Bahjat et Hamoud attendaient toujours sur la terrasse. Le soleil, à l’ouest, sombrait derrière les montagnes.
— Tu ne sais pas ce qu’est devenue Irène ? s’enquit la jeune fille.
— Non. C’est toi qui comptes, pas elle.
— Mais elle est mon amie.
— Chez nous, il n’y a pas d’amis. L’amitié est un luxe que nous ne pouvons pas nous permettre.
Les épaules de Bahjat s’affaissèrent.
— C’est une cruelle manière de vivre.
— Tu aurais préféré rester chez ton père ?
— Tu aurais préféré qu’il m’expédie sur Île Un ? riposta Bahjat avec colère.
— Peut-être as-tu eu tort de refuser d’y aller.
— Que veux-tu dire ?
— Avoir quelqu’un à nous dans la colonie aurait peut-être été une bonne chose. Tu te rends compte de ce qui se passerait si nous réussissions à la détruire ?
— La détruire ? Mais pourquoi ?
— Pourquoi pas ? N’est-elle pas le symbole des multinationales et du pouvoir des riches ? En la détruisant, nous montrerions notre force.
Bahjat tourna la tête et leva les yeux vers le ciel rouge.
— L’hélicoptère est en retard.
Hamoud grimaça intérieurement. Elle attend son amant comme une chienne en chaleur. Mais bientôt il n’y aura plus que moi, et moi seul, dans sa vie.

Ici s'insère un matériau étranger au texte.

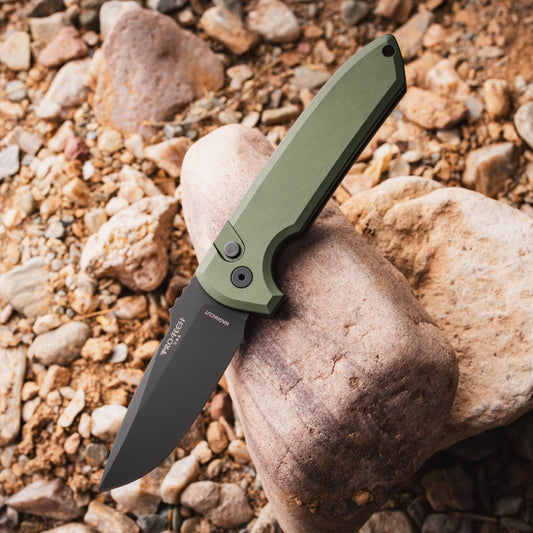 Pro-Tech Rockeye Auto 3.375" – Solid Green Aluminum, DLC Black MagnaCut, Les George Design – Made in USA (LG3103-Green)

— Es-tu sûr de nos camarades de Mossoul, Hamoud ?
— On peut avoir entièrement confiance en as-Saïd. Comment crois-tu qu’il se débrouille pour conserver son poste à l’université ? Et sauver sa peau ? On peut se fier à lui pour deux choses, ajouta Hamoud dans son for intérieur. Les mathématiques et les bombes à retardement.
Un coup de vent venu des collines lointaines arracha un frisson à Bahjat qui croisa frileusement les bras sur sa poitrine.

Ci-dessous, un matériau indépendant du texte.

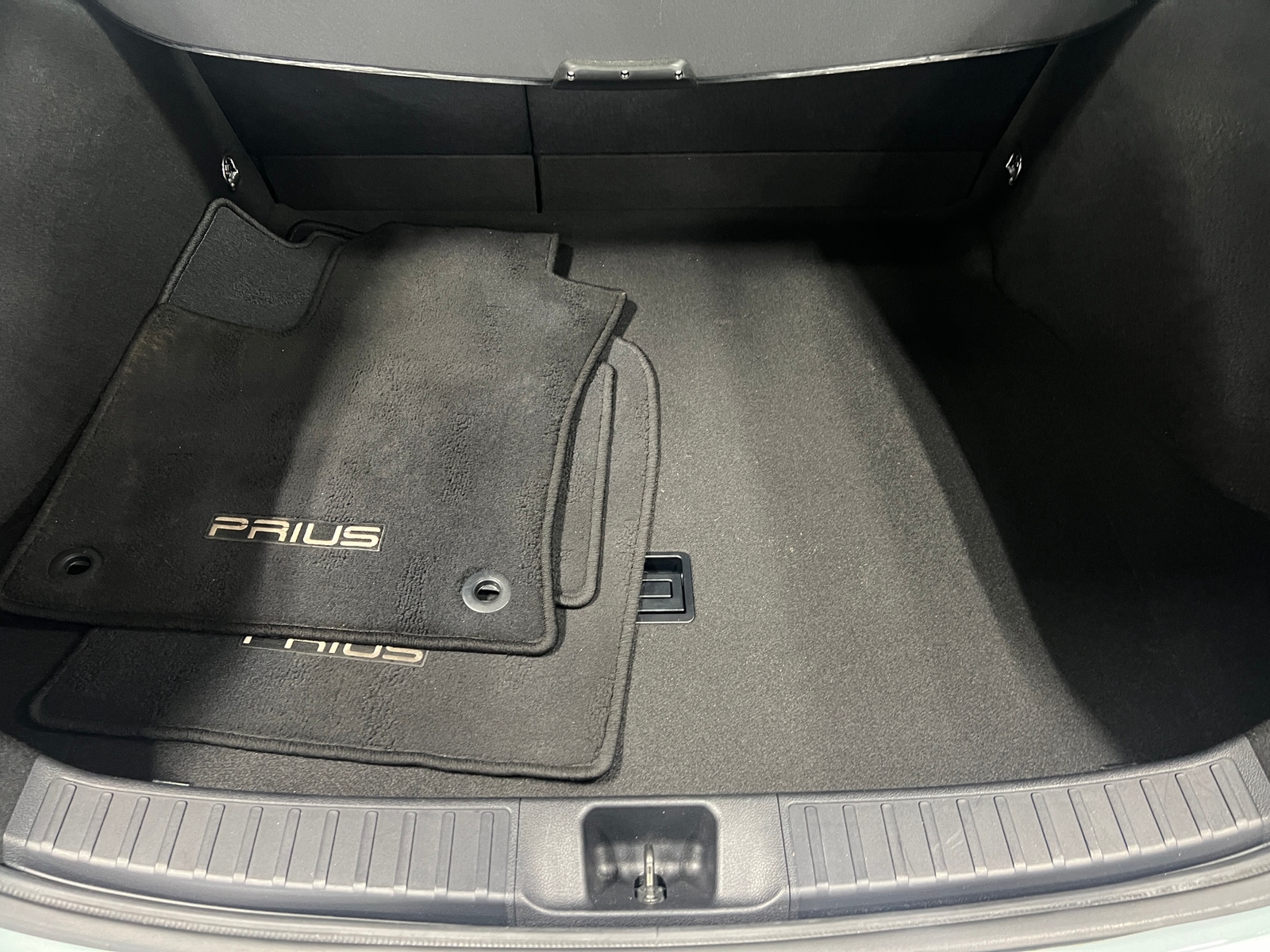 Thumbnail: 2019 Toyota Prius - 6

Enfin, une tache d’argent apparut dans le ciel à présent violet.
— C’est lui ?
— Certainement, répondit Hamoud.
L’hélicoptère se rapprochait lentement. Blancs et rouges, ses feux clignotaient, leur faisant signe. Il suivait un cap légèrement oblique comme un cheval au galop et Hamoud en déduisit que le pilote devait lutter contre un violent vent latéral.
C’est un bon pilote, se dit-il. Mais la cause exige des sacrifices. Elle ne me croirait pas si un de mes hommes ne mourait pas dans l’accident.

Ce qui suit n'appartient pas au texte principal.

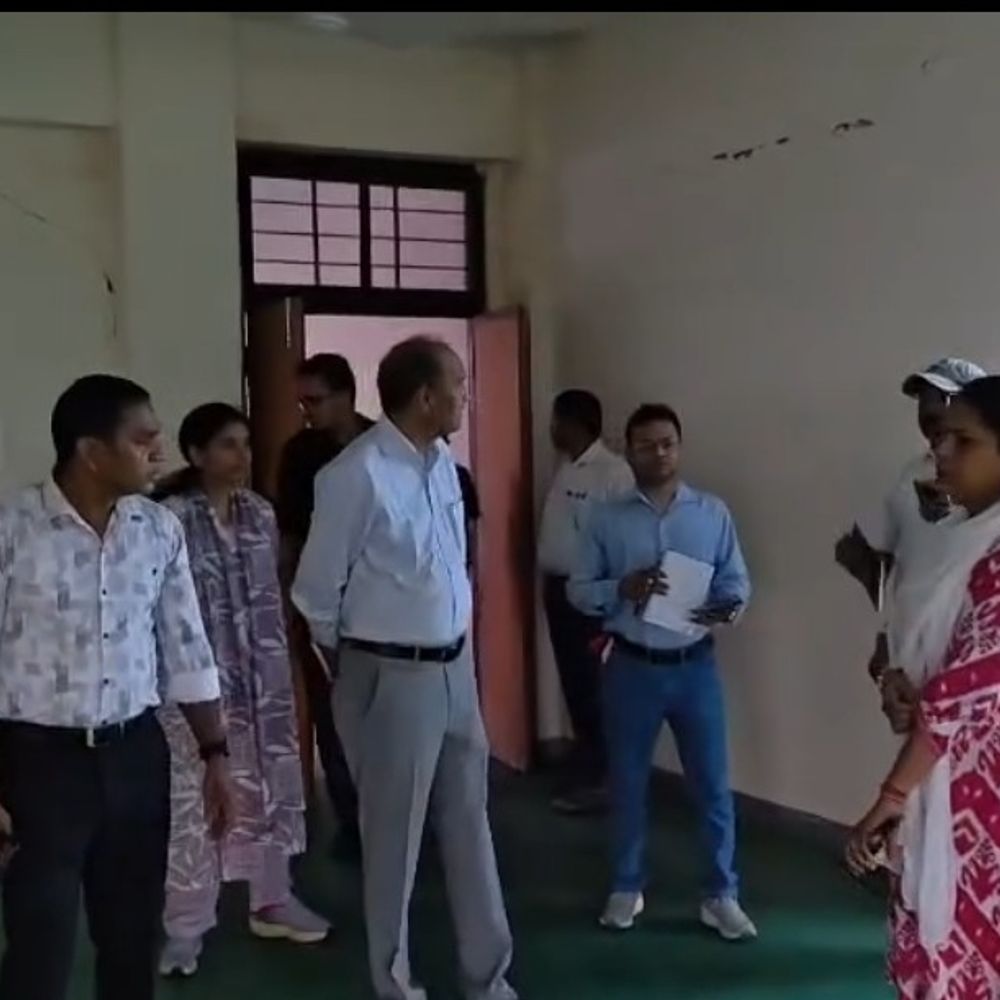 कलेक्टर ने खेल परिसर में खामियां मिलने पर जताई नाराजगी:सीपेज, ट्रैक और खेल सामग्री न होने पर 3 दिन में मांगा जवाब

L’hélicoptère grossissait. On entendait maintenant le grondement lointain de son rotor. Il approchait de l’aire d’atterrissage attenante au port.
Et, soudain, il se transforma en une gerbe de feu tandis que s’épanouissait dans le ciel une immense et sombre fleur de fumée et de flammes. Juste avant que leur parvienne le coup de tonnerre de l’explosion, Hamoud entendit le « Non ! » étranglé que Bahjat laissa échapper.
Elle demeurait pétrifiée, les yeux fixés sur l’épave qui tombait en tournoyant vertigineusement, vomissant des débris incandescents semblables à des boules de feu charbonneuses.
— Non…, répétait-elle d’une voix hachée de sanglots. Non… non…
Hamoud, bras ballants, conservait un masque impassible.
L’hélicoptère s’écrasa avec un bruit de ferraille. Un réservoir se rompit et explosa dans un nouveau geyser de feu.
— Je l’ai tué, murmura Bahjat dans un soupir torturé. C’est ma faute, ma faute…
— Non. C’est ton père qui l’a tué. Il a sans doute renoncé à l’idée de se servir de lui pour te retrouver.
Bahjat regarda Hamoud. Ses yeux étaient rougis et son visage défait.
— Mon père. Oui, c’est lui. Il détestait Denny.
Hamoud ne dit rien.
— Et maintenant, je le hais ! gronda-t-elle. (La fureur s’était substituée à sa douleur et elle brandit le poing vers le ciel.) Je le vengerai ! Le monde entier paiera pour son meurtre ! (Et, se tournant vers Hamoud, elle ajouta :) Nous détruirons Île Un. Toi et moi… ensemble.